Wish I had the knowledge to build a steam... anything.

Its actually much easier than you'd think:-

a. Boil water in a vessel that can keep a high pressure
b. Use the steam to push a piston with a valve that switches
the flow off when its on the return, ie Pipes and valve.
c. Condense the steam back to water and pump this back into
boiler.

These days you dont need proprietary mechanical valves, use cheap
electronics and solenoid valves, you can then vary the timing to
suit etc.

Have seen a V8 chevy motor many years ago that was configured to
run off a waste steam source, what the guy did was:-

1. Change the valve timing, this is also easier than you'd think.
2. Use an oil/water separator on the sump, so the sump wouldnt
slowly fill up with water, I think it was some centrifugal
system to ensure any emulsion was nicely cleared.

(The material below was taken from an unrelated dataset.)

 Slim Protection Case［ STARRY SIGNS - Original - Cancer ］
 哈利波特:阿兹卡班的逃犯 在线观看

No need for sparks or ignition etc, (I seem to recall also he ran
some pressure sensors off the old plug holes) just need the inlet
manifold to be able to hold the full waste steam pressure. In his
situation he didnt worry about recycling the steam to a condensor,
just let it exhaust to atmosphere - this was fairly efficient because
the exhaust would be straight to air so lower exit pressure and no need
for a water pump back to the bolier. If I recall corectly it ran
at about 2000 to 2400 rpms or so. Based on BMEP he could have got
something like 250 Hp from his waste steam source, might even be
legacy links on web, last time I looked was 12 years ago <shrug>



--
Regards
Mike
* GMC/VL Commodore, Calais VL Turbo FuseRail that wont warp or melt !
* High grade milspec ignition driver electronics now in development
* Twin Tyres to suit most sedans, trikes and motorcycle sidecars
http://niche.iinet.net.au
 
C

Clifford Heath

Jan 1, 1970
0
Mike said:
Have seen a V8 chevy motor many years ago that was configured to
run off a waste steam source

I wonder if it ran a week, or a month, before rusting out?
 
M

Mike

Jan 1, 1970
0
I wonder if it ran a week, or a month, before rusting out?

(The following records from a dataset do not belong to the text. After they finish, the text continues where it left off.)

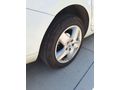 Sahibinden Renault Fluence 1.5 dCi Touch 2015 Model Kocaeli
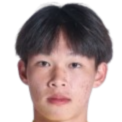 https://img.jingyuzhiboe.com.cn/img/football/player/967e90b66e6041b35bdbd2e845442cd1.png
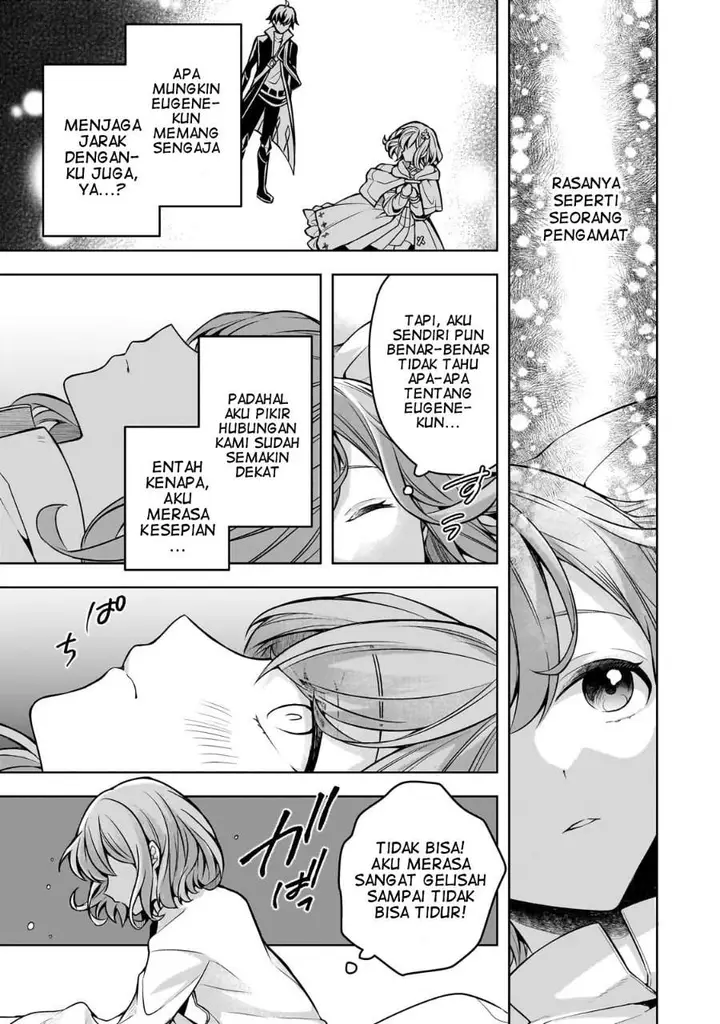 image-komik-kougekiryoku-zero-kara-hajimeru-kenseitan-chapter-9-18/29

Dont know, I wondered about that at the time, though if its 'dry'
steam and the engine is in continuous use, without much opportunity
for condensation and presumably the oil/water separator is working
or there isnt much steam blowby then you'd expect some considerable
time, wonder how long ordinary older steam engines ran with their
cast iron pistons ?


--
Regards
Mike
* GMC/VL Commodore, Calais VL Turbo FuseRail that wont warp or melt !
* High grade milspec ignition driver electronics now in development
* Twin Tyres to suit most sedans, trikes and motorcycle sidecars
http://niche.iinet.net.au
 
A

Allan

Jan 1, 1970
0
Dont know, I wondered about that at the time, though if its 'dry'
steam and the engine is in continuous use, without much opportunity
for condensation and presumably the oil/water separator is working
or there isnt much steam blowby then you'd expect some considerable
time, wonder how long ordinary older steam engines ran with their
cast iron pistons ?

I saw an article years ago about a VW bug - still have it somewhere, I
might dig it out. I *think* it said titanium pistons were fitted.
Anyway, point being of course engines are modified to prevent rust. I
have always wished I could learn to build steam engines - maybe one
day I can find a decent book on it. [sigh]
 
M

Mike

Jan 1, 1970
0
Dont know, I wondered about that at the time, though if its 'dry'
steam and the engine is in continuous use, without much opportunity
for condensation and presumably the oil/water separator is working
or there isnt much steam blowby then you'd expect some considerable
time, wonder how long ordinary older steam engines ran with their
cast iron pistons ?

I saw an article years ago about a VW bug - still have it somewhere, I
might dig it out. I *think* it said titanium pistons were fitted.
Anyway, point being of course engines are modified to prevent rust. I
have always wished I could learn to build steam engines - maybe one
day I can find a decent book on it. [sigh]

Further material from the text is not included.